Ob eine Straf- oder Bußgeldnorm den Anforderungen des Bestimmtheitsgebotes entspricht, ist maßgeblich davon abhängig, ob der Wortlaut des gesetzlichen Tatbestandes erkennbar und verstehbar ist. Davon kann bei der Formulierung des Bußgeldtatbestandes, mit dem die Verletzung der sogenannten Winterreifenpflicht geahndet wird, nicht die Rede sein. So sieht es jedenfalls das Oberlandesgericht (OLG) Oldenburg. Unter strahlender Hochsommersonne hat es jüngst entschieden, dass der Bußgeldtatbestand verfassungswidrig und damit ungültig sei.

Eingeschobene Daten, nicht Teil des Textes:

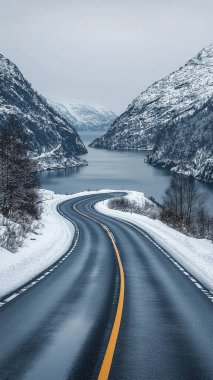 Boş asfalt yolu kış boyunca karla kaplı dağlar, Norveç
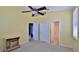 Bright bedroom featuring warm yellow walls and three doorways leading to different rooms at 830 Airport Rd # 115, Port Orange, FL 32128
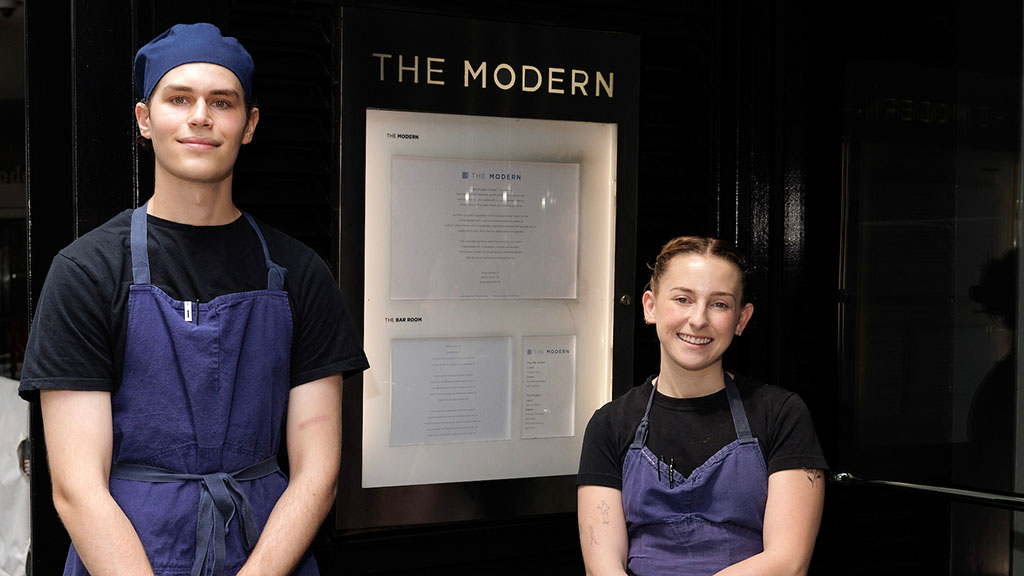 Daron Sklar '27 (left) and Charlotte Brecher ’18 (right), both wearing black shirts and denim aprons as the pose by the front door of The Modern in NYC.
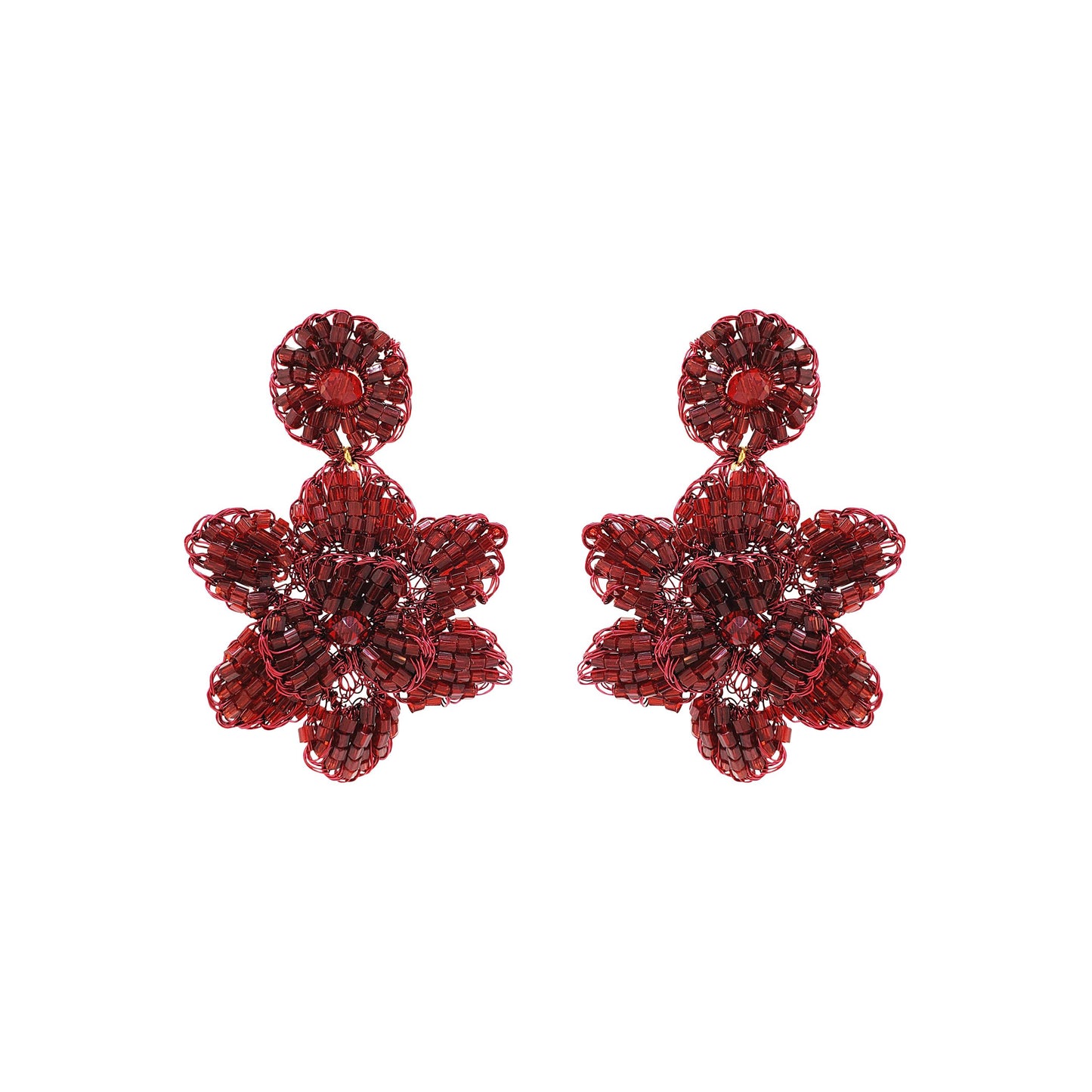 A pair of cherry red, hand-crocheted floral earrings made with enameled copper wire, displayed against a white background. Mini floral hand-crocheted dangle earrings handmade in Brazil with shiny enameled wire and deep cherry red bead accents.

Die Anforderung, ein Kraftfahrzeug mit einer an die Wetterverhältnisse angepassten, geeigneten Bereifung auszustatten, sei nicht ohne Weiteres zu erfüllen. Denn weder aus dem Bußgeldtatbestand selbst noch aus einer anderen, damit in Verbindung stehenden Norm lasse sich ableiten, um was für eine Bereifung es sich dabei konkret handeln soll.